═════ Source data ═════

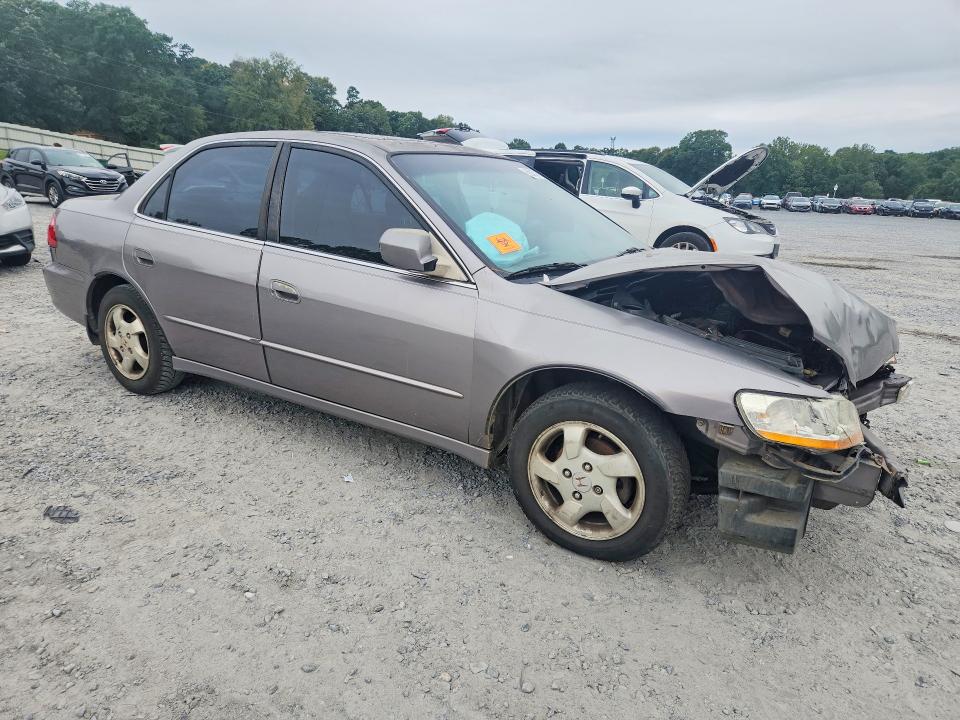 2000 Honda Accord მანქანა იყიდება აუქციონზე, vin: JHMCG5652YC011888, აუქციონის ნომერი: 68633166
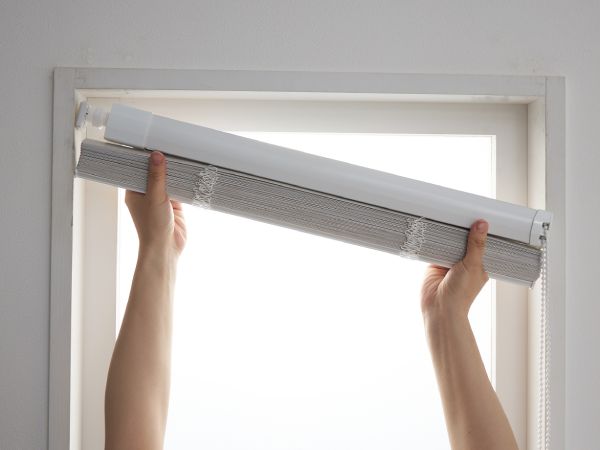 つっぱり式のブラインド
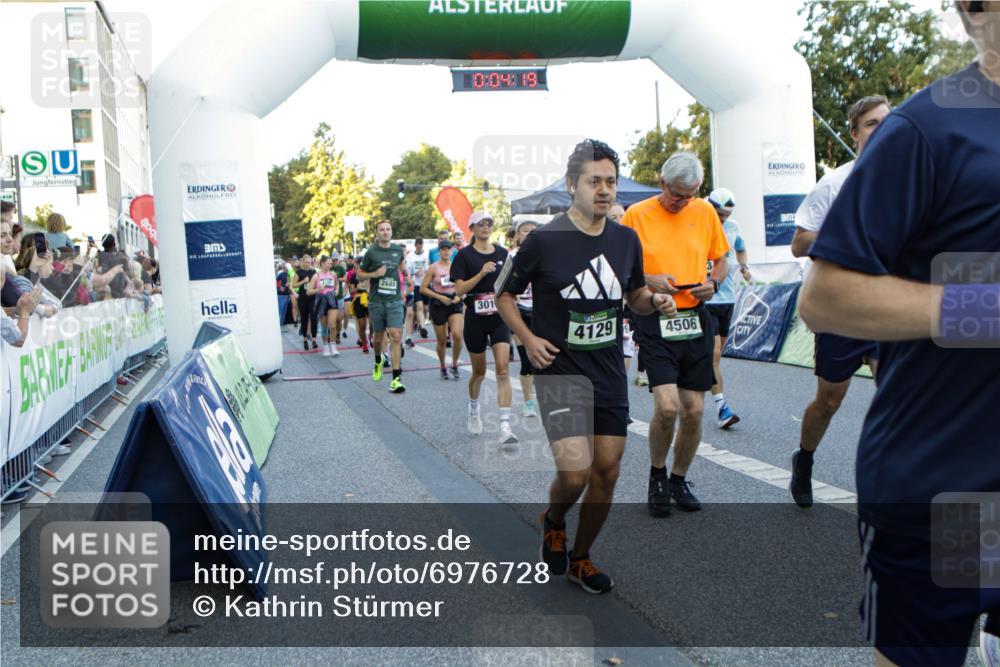 01.09.2024 - BARMER Alsterlauf Kathrin Stürmer Photography http://msf.ph/oto/6976728 01.09.2024 09:13:27 Ziel  meine-sportfotos.de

═════

--- Task objective ---
Would you transcribe the whole listing above exactly? The pictures should not be included.

--- Expected answer ---
 2000 Honda Accord მანქანა იყიდება აუქციონზე, vin: JHMCG5652YC011888, აუქციონის ნომერი: 68633166
 つっぱり式のブラインド
 01.09.2024 - BARMER Alsterlauf Kathrin Stürmer Photography http://msf.ph/oto/6976728 01.09.2024 09:13:27 Ziel  meine-sportfotos.de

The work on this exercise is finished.